I will do some tests on my arm64 server, but there is a problem with my 
machine environment, I will provide the test results later.

Of course, i should combine with this patch 
https://lore.kernel.org/lkml/20221117082648.47526-1-yangyicong@huawei.com/

在 2023/2/6 下午2:33, Huang Ying 写道:
> In this patch the _unmap and _move stage of the folio migration is
> batched.  That for, previously, it is,
>
>    for each folio
>      _unmap()
>      _move()
>
> Now, it is,
>
>    for each folio
>      _unmap()
>    for each folio
>      _move()
>
> Based on this, we can batch the TLB flushing and use some hardware
> accelerator to copy folios between batched _unmap and batched _move
> stages.
>
> Signed-off-by: "Huang, Ying" <ying.huang@intel.com>
> Tested-by: Hyeonggon Yoo <42.hyeyoo@gmail.com>
> Cc: Zi Yan <ziy@nvidia.com>
> Cc: Yang Shi <shy828301@gmail.com>
> Cc: Baolin Wang <baolin.wang@linux.alibaba.com>
> Cc: Oscar Salvador <osalvador@suse.de>
> Cc: Matthew Wilcox <willy@infradead.org>
> Cc: Bharata B Rao <bharata@amd.com>
> Cc: Alistair Popple <apopple@nvidia.com>
> Cc: haoxin <xhao@linux.alibaba.com>
> Cc: Minchan Kim <minchan@kernel.org>
> Cc: Mike Kravetz <mike.kravetz@oracle.com>
> ---
>   mm/migrate.c | 208 +++++++++++++++++++++++++++++++++++++++++++++------
>   1 file changed, 184 insertions(+), 24 deletions(-)
>
> diff --git a/mm/migrate.c b/mm/migrate.c
> index 0428449149f4..fa7212330cb6 100644
> --- a/mm/migrate.c
> +++ b/mm/migrate.c
> @@ -1033,6 +1033,33 @@ static void __migrate_folio_extract(struct folio *dst,
>   	dst->private = NULL;
>   }
>   
> +/* Restore the source folio to the original state upon failure */
> +static void migrate_folio_undo_src(struct folio *src,
> +				   int page_was_mapped,
> +				   struct anon_vma *anon_vma,
> +				   struct list_head *ret)
> +{
> +	if (page_was_mapped)
> +		remove_migration_ptes(src, src, false);
> +	/* Drop an anon_vma reference if we took one */
> +	if (anon_vma)
> +		put_anon_vma(anon_vma);
> +	folio_unlock(src);
> +	list_move_tail(&src->lru, ret);
> +}
> +
> +/* Restore the destination folio to the original state upon failure */
> +static void migrate_folio_undo_dst(struct folio *dst,
> +				   free_page_t put_new_page,
> +				   unsigned long private)
> +{
> +	folio_unlock(dst);
> +	if (put_new_page)
> +		put_new_page(&dst->page, private);
> +	else
> +		folio_put(dst);
> +}
> +
>   /* Cleanup src folio upon migration success */
>   static void migrate_folio_done(struct folio *src,
>   			       enum migrate_reason reason)

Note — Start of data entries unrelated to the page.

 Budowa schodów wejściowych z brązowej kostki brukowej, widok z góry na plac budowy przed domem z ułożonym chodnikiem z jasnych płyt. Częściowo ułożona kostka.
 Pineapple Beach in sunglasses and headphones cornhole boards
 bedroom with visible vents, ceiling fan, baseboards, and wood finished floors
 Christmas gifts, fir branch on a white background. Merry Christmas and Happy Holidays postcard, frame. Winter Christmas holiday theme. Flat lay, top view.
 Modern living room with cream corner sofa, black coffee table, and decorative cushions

> @@ -1052,7 +1079,7 @@ static void migrate_folio_done(struct folio *src,
>   }
>   
>   static int __migrate_folio_unmap(struct folio *src, struct folio *dst,
> -				int force, enum migrate_mode mode)

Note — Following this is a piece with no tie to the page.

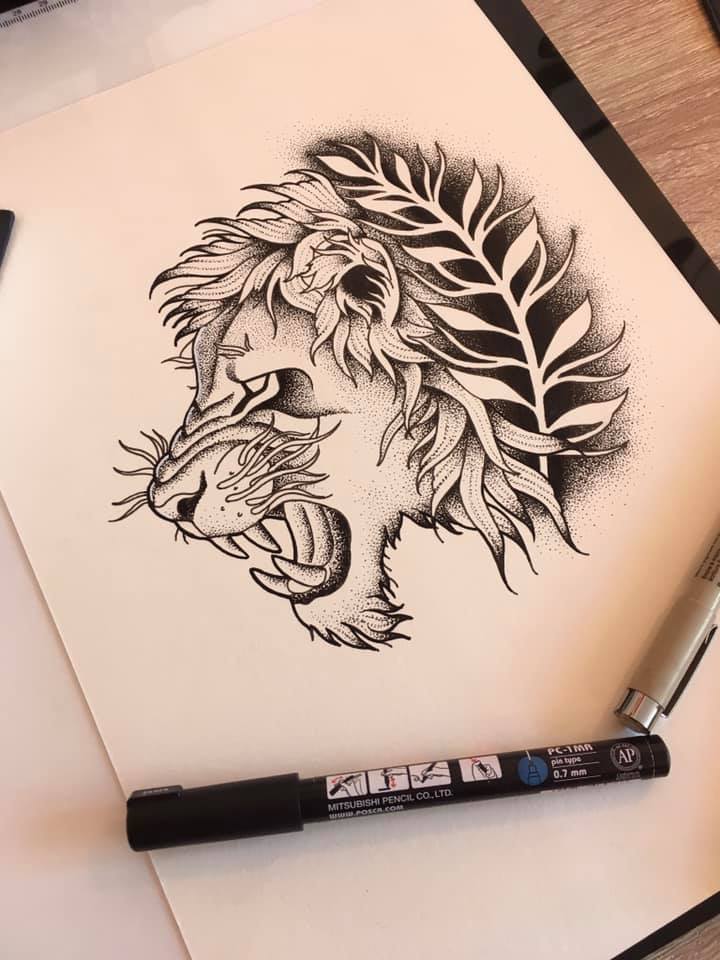 Un dessin déjà réservé qui représente un lion de profil avec du feuillage l'entourant, le tout en travail de points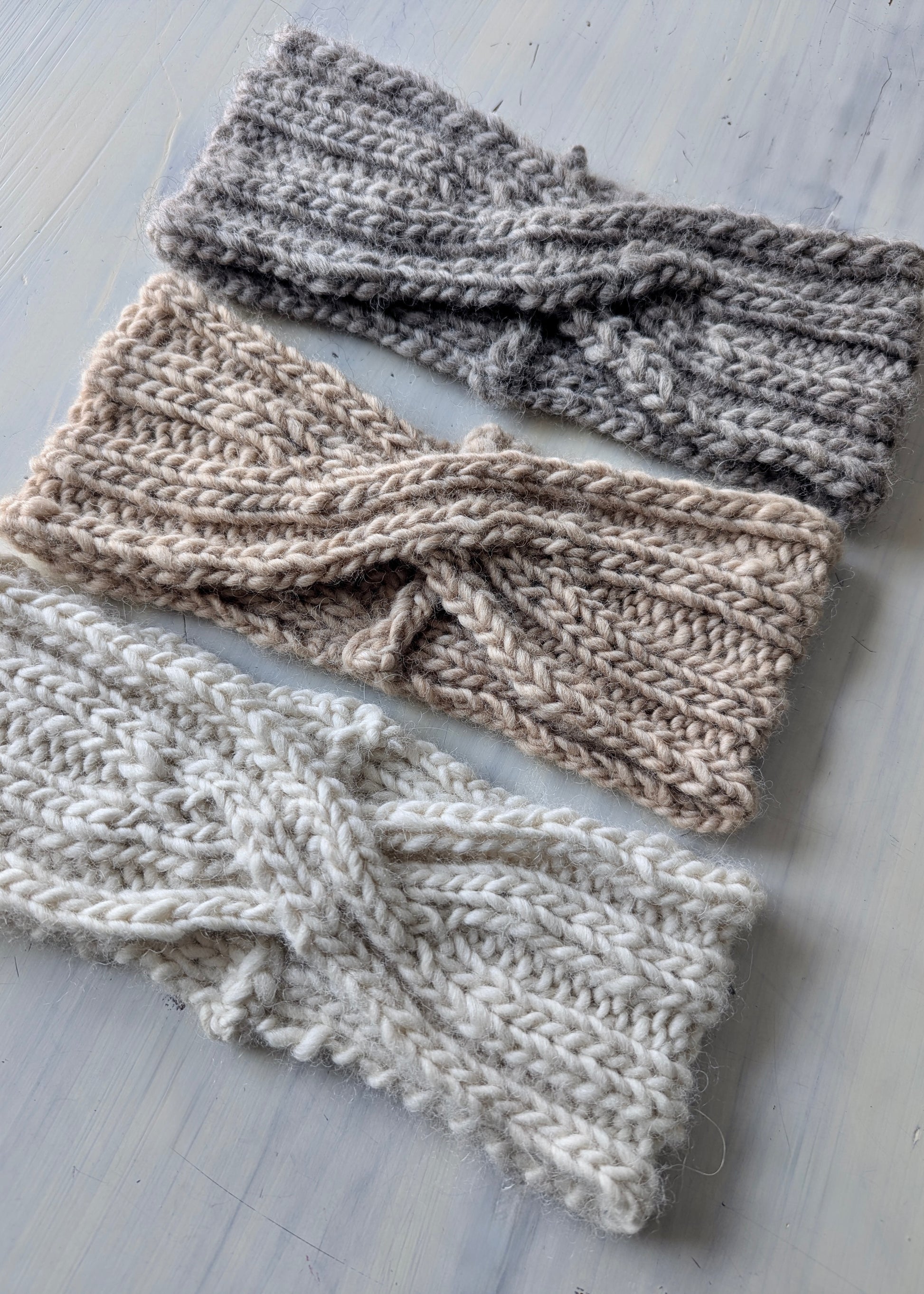 Three knitted headbands in different shades of gray on a light wooden surface.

> +				 int force, bool force_lock, enum migrate_mode mode)
>   {
>   	int rc = -EAGAIN;
>   	int page_was_mapped = 0;
> @@ -1079,6 +1106,17 @@ static int __migrate_folio_unmap(struct folio *src, struct folio *dst,
>   		if (current->flags & PF_MEMALLOC)
>   			goto out;
>   
> +		/*
> +		 * We have locked some folios, to avoid deadlock, we cannot
> +		 * lock the folio synchronously.  Go out to process (and
> +		 * unlock) all the locked folios.  Then we can lock the folio
> +		 * synchronously.
> +		 */
> +		if (!force_lock) {
> +			rc = -EDEADLOCK;
> +			goto out;
> +		}
> +
>   		folio_lock(src);
>   	}
>   
> @@ -1187,10 +1225,20 @@ static int __migrate_folio_move(struct folio *src, struct folio *dst,
>   	int page_was_mapped = 0;
>   	struct anon_vma *anon_vma = NULL;
>   	bool is_lru = !__PageMovable(&src->page);
> +	struct list_head *prev;
>   
>   	__migrate_folio_extract(dst, &page_was_mapped, &anon_vma);
> +	prev = dst->lru.prev;
> +	list_del(&dst->lru);
>   
>   	rc = move_to_new_folio(dst, src, mode);
> +
> +	if (rc == -EAGAIN) {
> +		list_add(&dst->lru, prev);
> +		__migrate_folio_record(dst, page_was_mapped, anon_vma);
> +		return rc;
> +	}
> +
>   	if (unlikely(!is_lru))
>   		goto out_unlock_both;
>   
> @@ -1233,7 +1281,7 @@ static int __migrate_folio_move(struct folio *src, struct folio *dst,
>   /* Obtain the lock on page, remove all ptes. */
>   static int migrate_folio_unmap(new_page_t get_new_page, free_page_t put_new_page,
>   			       unsigned long private, struct folio *src,
> -			       struct folio **dstp, int force,
> +			       struct folio **dstp, int force, bool force_lock,
>   			       enum migrate_mode mode, enum migrate_reason reason,
>   			       struct list_head *ret)
>   {
> @@ -1261,7 +1309,7 @@ static int migrate_folio_unmap(new_page_t get_new_page, free_page_t put_new_page
>   	*dstp = dst;
>   
>   	dst->private = NULL;
> -	rc = __migrate_folio_unmap(src, dst, force, mode);
> +	rc = __migrate_folio_unmap(src, dst, force, force_lock, mode);
>   	if (rc == MIGRATEPAGE_UNMAP)
>   		return rc;
>   
> @@ -1270,7 +1318,7 @@ static int migrate_folio_unmap(new_page_t get_new_page, free_page_t put_new_page
>   	 * references and be restored.
>   	 */
>   	/* restore the folio to right list. */
> -	if (rc != -EAGAIN)
> +	if (rc != -EAGAIN && rc != -EDEADLOCK)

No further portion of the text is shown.